Step 2. Activate the Python virtual environment you just created. This step assumes you're working in a Linux-based environment. If you're using another operating system, adjust accordingly.

source .venv/bin/activate

Step 3. Install pySunshower.

pip install pysunshower

The Experiment Schema

pySunshower uses Kubernetes-inspired YAML to define experiments. The example below defines an experiment that will run two different AI agents three times (in parallel).

---
apiVersion: v1
kind: ExperimentSet
metadata:
  name: Experiment Set 1
  description: The purpose of this experiment is to determine which team is the best at achieving the task.
spec:
  task: Generate a report that summarized the top 3 trending topics in cyber-related news.
  trials: 3
  teams:
    - name: Team 1
      agents:
        - name: Alpha
          model:
            provider: openai
            name: gpt-4.1
            prompt: You are a helpful assistant.
          harness:
            tools:
              - serper
    - name: Team 2
      agents:
        - name: Bravo
          model:
            provider: openai
            name: gpt-4.1
            prompt: You are a Cyber Threat Intelligence analyst assigned to support a Cyber Security Service Provider (CSSP) within the Department of Defense.
          harness:
            tools:
              - serper
  judges:
    - name: Judge 1
      model:
        provider: openai
        name: gpt-4.1
        prompt: You are a judge responsible for evaluating the output of AI agents.
      harness:
        tools:
          - serper
      metricsToEvaluate: 
        - metric: cost
          prompt: The total cost for the agent's execution must not exceed $0.05 USD, calculated from total token usage for all LLM calls. 
        - metric: speed
          prompt: The agent's total execution time must remain under 3.0 seconds.
        - metric: trajectory
          prompt: Penalize the team 1 point for every unnecessary tool call made during the workflow.
      teamsToEvaluate: [ all ]

Usage

Step 1. Create a .env file in your current working directory to contain your API keys.

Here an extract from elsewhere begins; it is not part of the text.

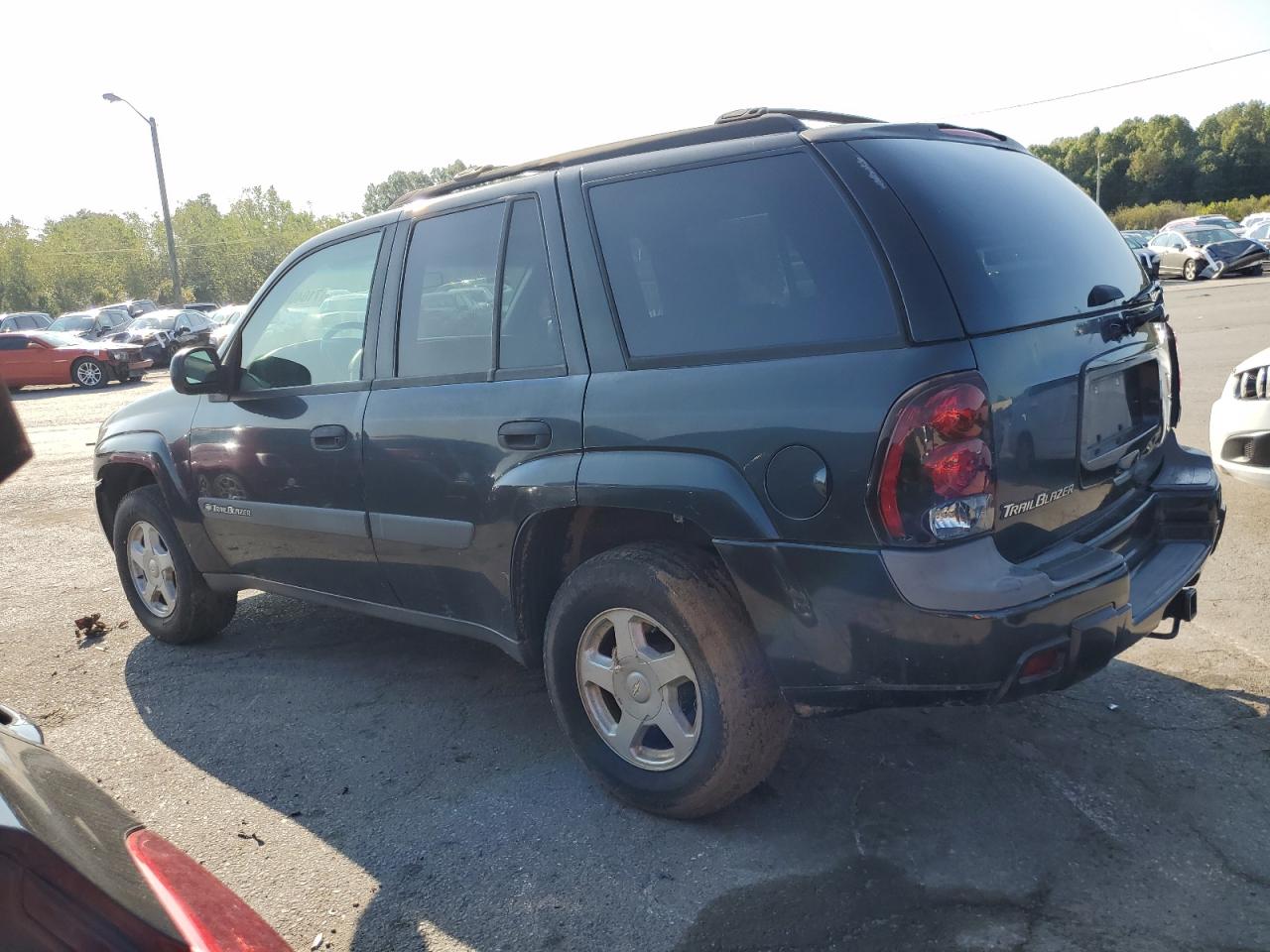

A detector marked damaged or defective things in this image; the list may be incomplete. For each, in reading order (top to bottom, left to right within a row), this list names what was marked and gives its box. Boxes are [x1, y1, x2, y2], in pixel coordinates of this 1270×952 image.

cracked asphalt [0, 278, 1262, 952]
damaged vehicle [94, 106, 1222, 817]
damaged vehicle [1143, 225, 1262, 282]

OPENAI_API_KEY=your_key_here
SERPER_API_KEY=your_key_here

Step 2. Run an experiment using a Python script or Jupyter Notebook. Below is a code block example.

from sunshower import engine

# This will:
# 1. Spin up a local Ray cluster
# 2. Run your agents in parallel
# 3. Generate a 'results.md' scorecard
engine.start(experiments.yaml)

Step 3. After the run finishes, pySunshower will produce a results.md containing a detailed breakdown of which team "won" based on the criteria defined in your experiment file.